Image-caption web data:

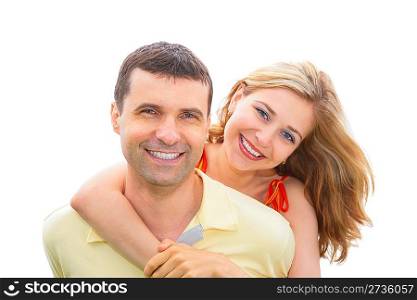 young woman embraces man behind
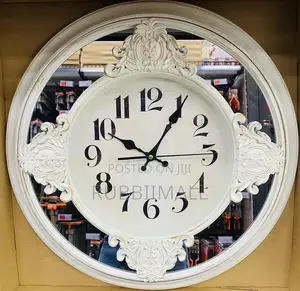 Baroque-Style Mirrored Wall Clock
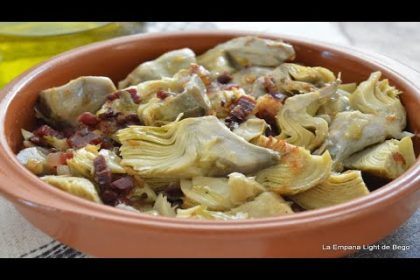 Receta de alcachofas con guisantes y jamón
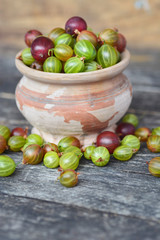 Fresh gooseberries in original bowls on wooden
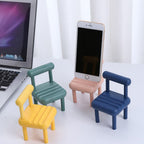 Front view of the empty Mini Chair Phone Stand, ready to hold any smartphone.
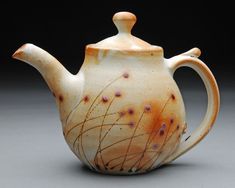 a ceramic teapot with brown and orange designs on it's side, sitting on a gray surface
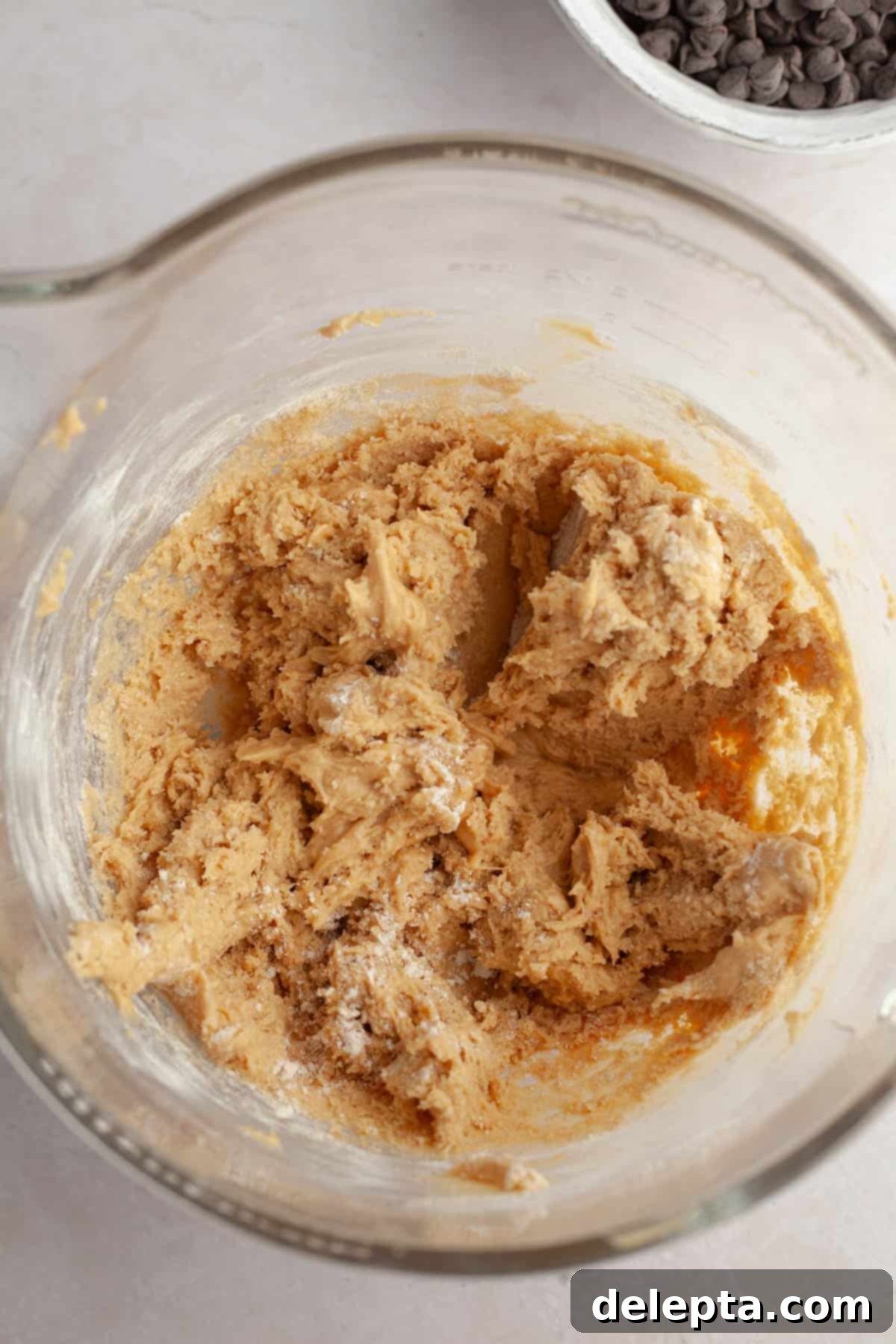 Decadent Peanut Butter Nutella Stuffed Chocolate Chip Cookies 7 Peanut butter cookie dough in a large mixing bowl with dry ingredients just combined.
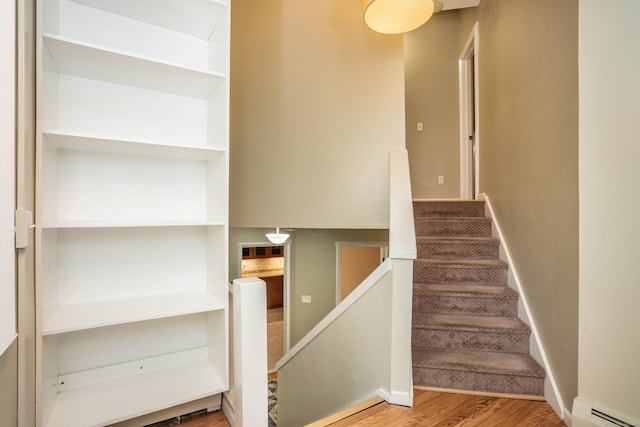 2 Talcott Gln Unit F, Farmington, CT 06032 - staircase featuring baseboard heating and wood finished floors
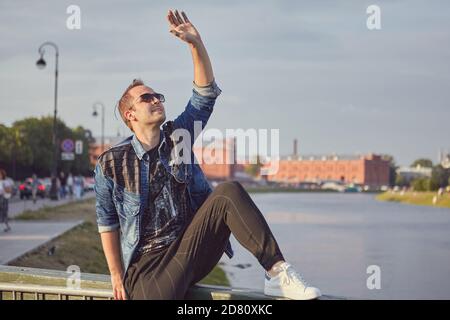 Der junge weiße Mann sitzt auf der Reise am Flussufer. Stockfoto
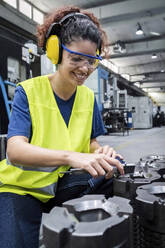 Smiling engineer wearing reflective clothing working in modern factory - AAZF00598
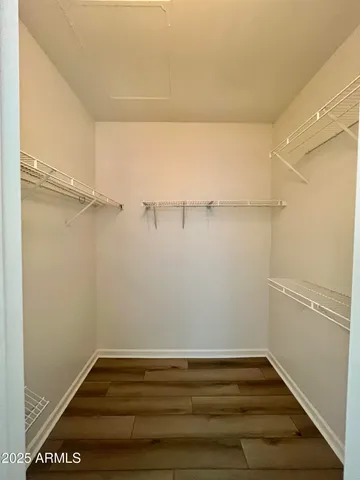 a view of a room with racks on the wall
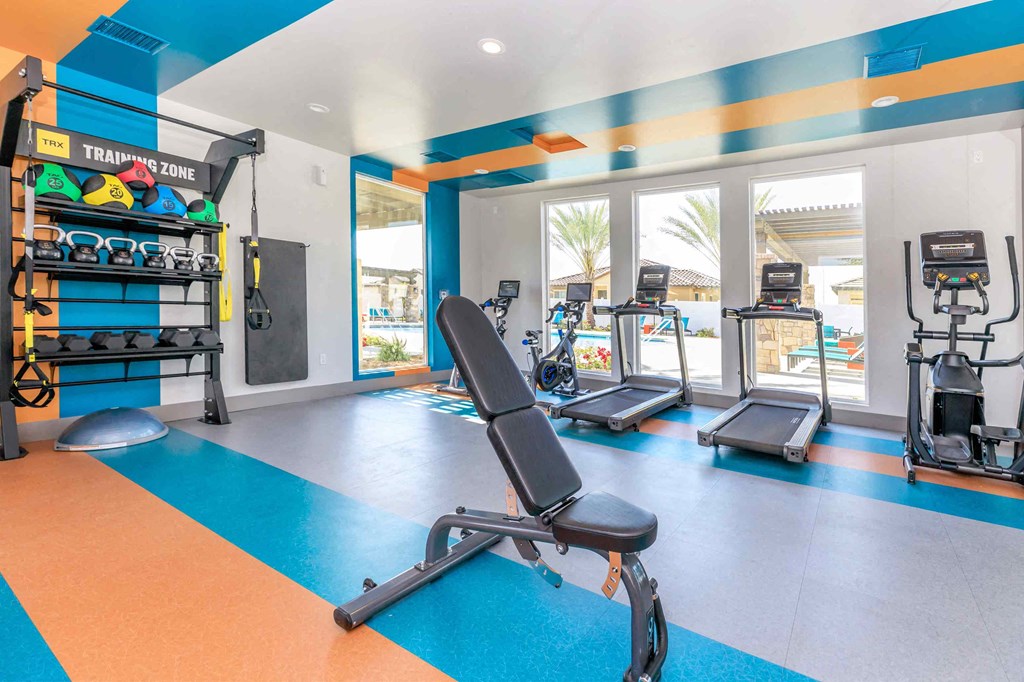 a gym with weights and cardio equipment on the floor and windows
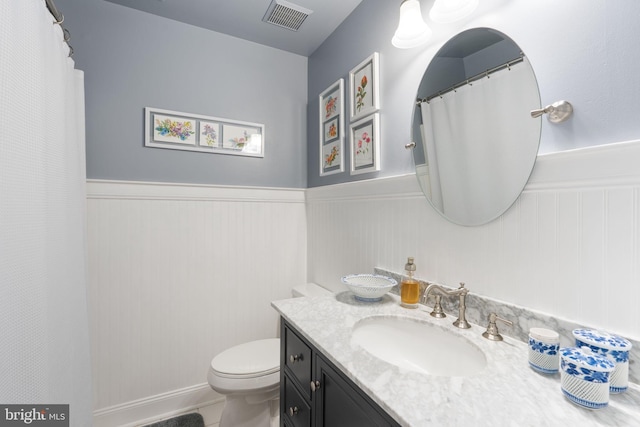 3635 Wessex Ln, Huntingtown, MD 20639 - full bathroom with wainscoting, toilet, and vanity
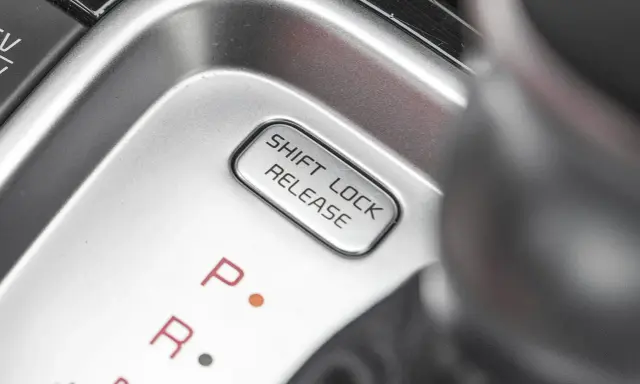 Przycisk "SHIFT LOCK RELEASE" na konsoli środkowej, obok oznaczeń biegów P i R.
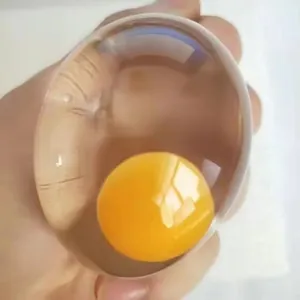 Close-up of a transparent egg squeeze toy with a yellow yolk for stress relief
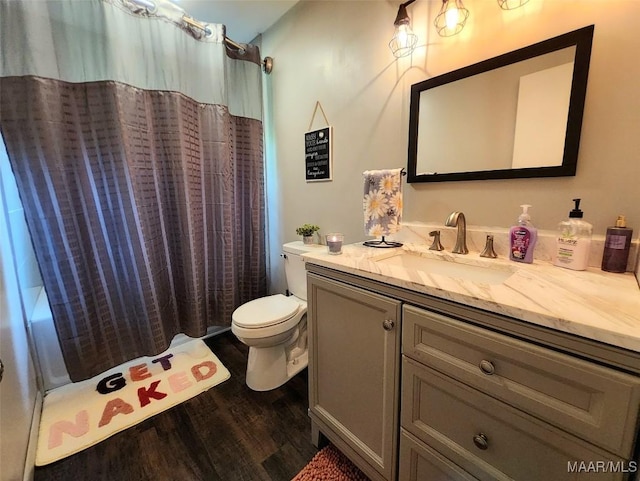 445 W Hickory Grove Rd, Lapine, AL 36046 - full bath with wood finished floors, vanity, toilet, and shower / bath combo with shower curtain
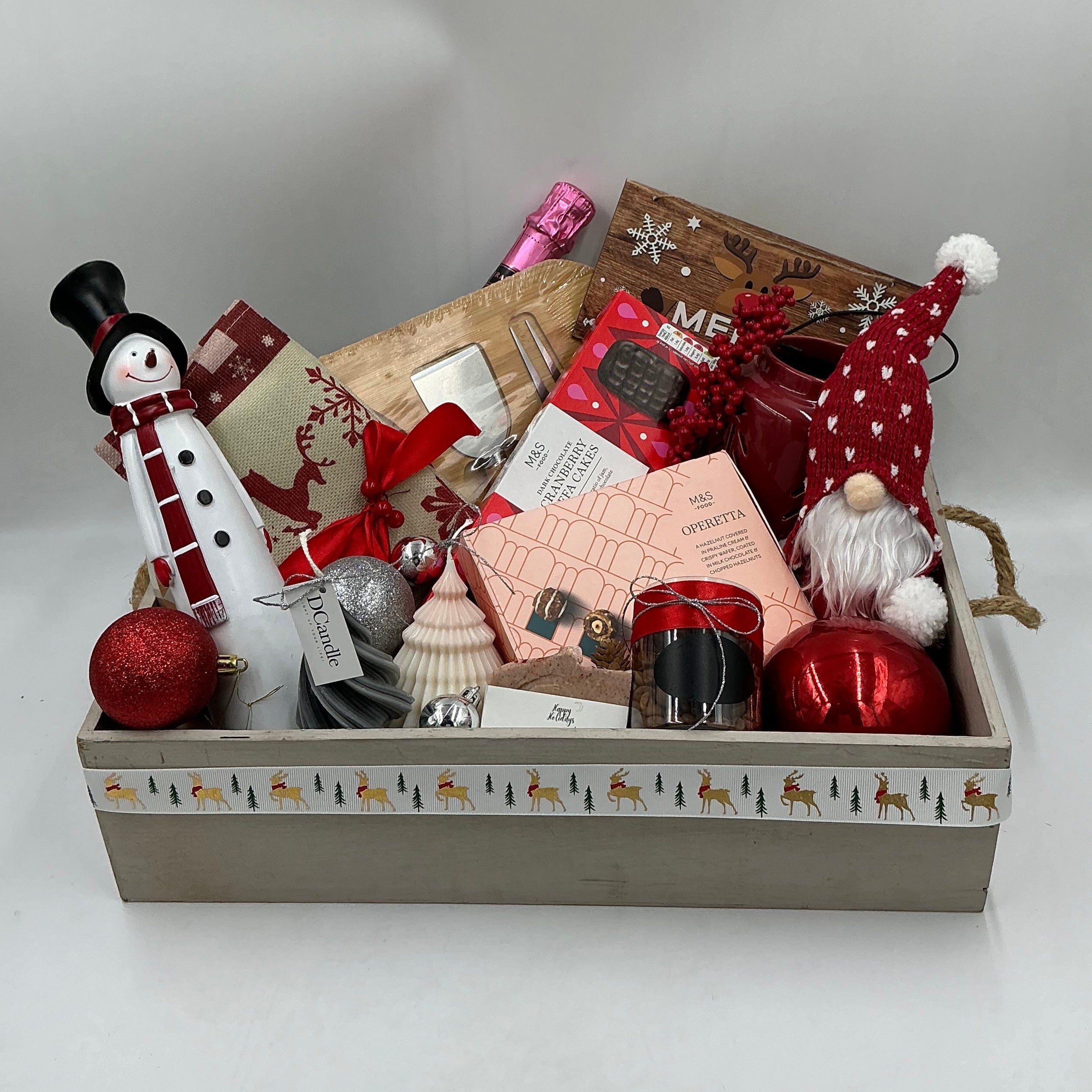 Gourmet hamper, with chocolates, festive candles, natural soap, cheese board, table runner, candle porcelain decorative bowl, coffee beans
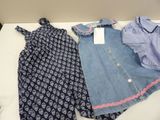 two dresses and a shirt are on a white table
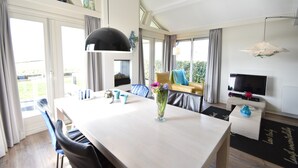 Un salon moderne avec une grande table à manger, un canapé et un téléviseur.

REQUIRED ACTION: The copy must include every record exactly and none of the pictures.

SOLVED EXERCISE:
 young woman embraces man behind
 Baroque-Style Mirrored Wall Clock
 Receta de alcachofas con guisantes y jamón
 Fresh gooseberries in original bowls on wooden
 Front view of the empty Mini Chair Phone Stand, ready to hold any smartphone.
 a ceramic teapot with brown and orange designs on it's side, sitting on a gray surface
 Decadent Peanut Butter Nutella Stuffed Chocolate Chip Cookies 7 Peanut butter cookie dough in a large mixing bowl with dry ingredients just combined.
 2 Talcott Gln Unit F, Farmington, CT 06032 - staircase featuring baseboard heating and wood finished floors
 Der junge weiße Mann sitzt auf der Reise am Flussufer. Stockfoto
 Smiling engineer wearing reflective clothing working in modern factory - AAZF00598
 a view of a room with racks on the wall
 a gym with weights and cardio equipment on the floor and windows
 3635 Wessex Ln, Huntingtown, MD 20639 - full bathroom with wainscoting, toilet, and vanity
 Przycisk "SHIFT LOCK RELEASE" na konsoli środkowej, obok oznaczeń biegów P i R.
 Close-up of a transparent egg squeeze toy with a yellow yolk for stress relief
 445 W Hickory Grove Rd, Lapine, AL 36046 - full bath with wood finished floors, vanity, toilet, and shower / bath combo with shower curtain
 Gourmet hamper, with chocolates, festive candles, natural soap, cheese board, table runner, candle porcelain decorative bowl, coffee beans
 two dresses and a shirt are on a white table
 Un salon moderne avec une grande table à manger, un canapé et un téléviseur.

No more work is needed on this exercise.